[INPUT DATA]

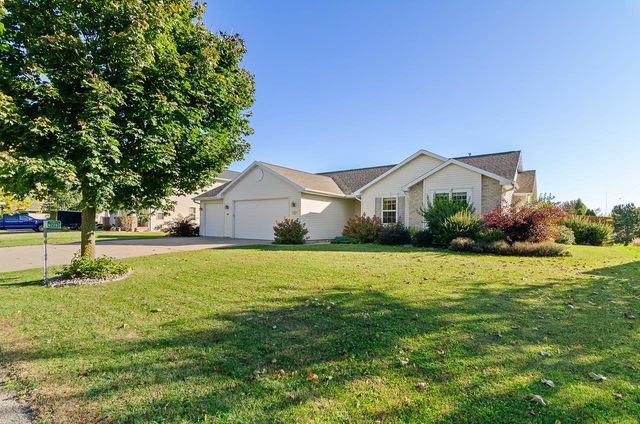 N2262 HOLY HILL DRIVE, Greenville, WI 54942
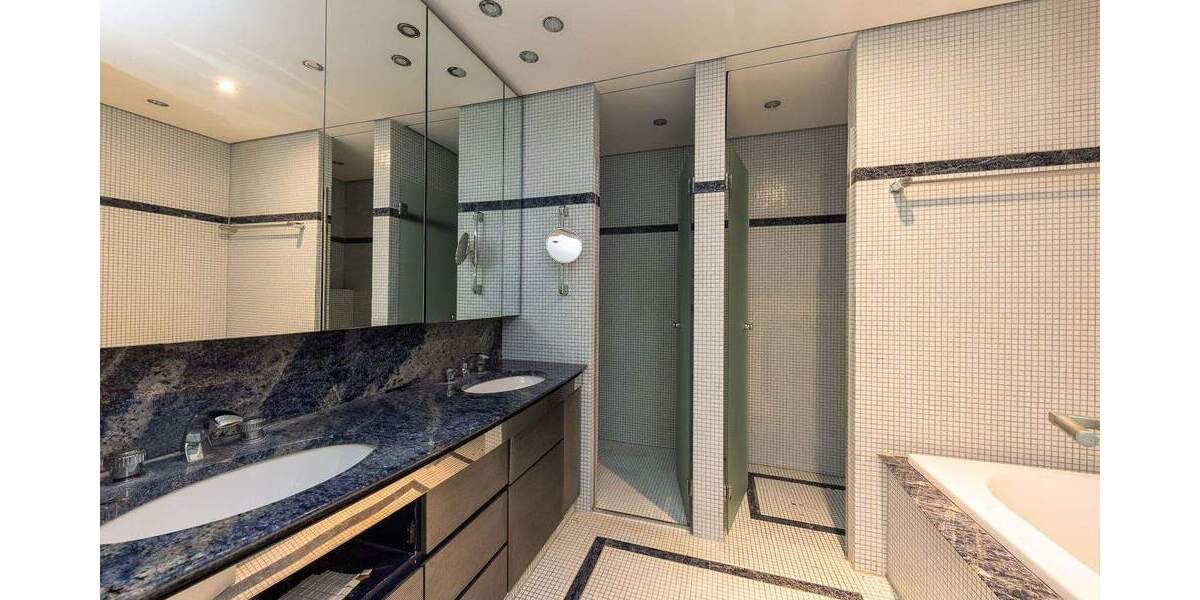 Bungalow Köln / Hahnwald Hahnwald - 1 Zimmer, 484 m&sup2;, 3.550.000&euro; | Angebot:25877192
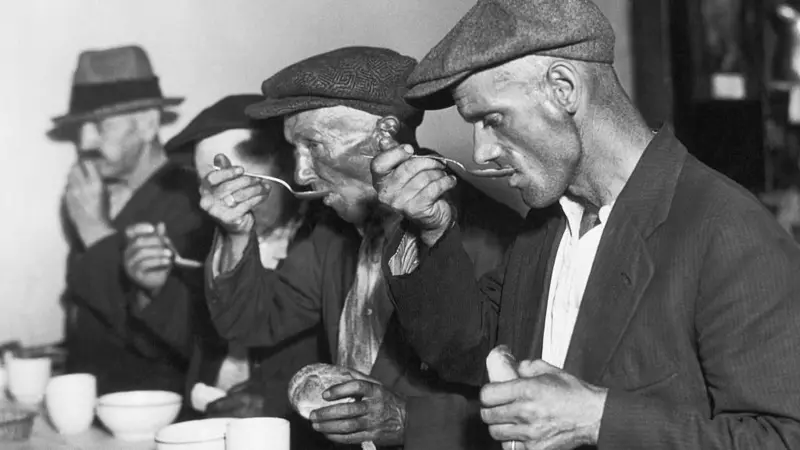 Como tarifas dos EUA em 1930 arrasaram ainda mais a economia global e agravaram a Grande Depressão
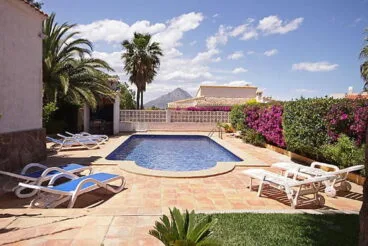 Piscina y tumbonas en la casa de Aguila Rent a Villa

[/INPUT DATA]

## WORK TO COMPLETE
Copy out all the data exactly. The images should not appear in the copy.

## TASK SOLUTION
 N2262 HOLY HILL DRIVE, Greenville, WI 54942
 Bungalow Köln / Hahnwald Hahnwald - 1 Zimmer, 484 m&sup2;, 3.550.000&euro; | Angebot:25877192
 Como tarifas dos EUA em 1930 arrasaram ainda mais a economia global e agravaram a Grande Depressão
 Piscina y tumbonas en la casa de Aguila Rent a Villa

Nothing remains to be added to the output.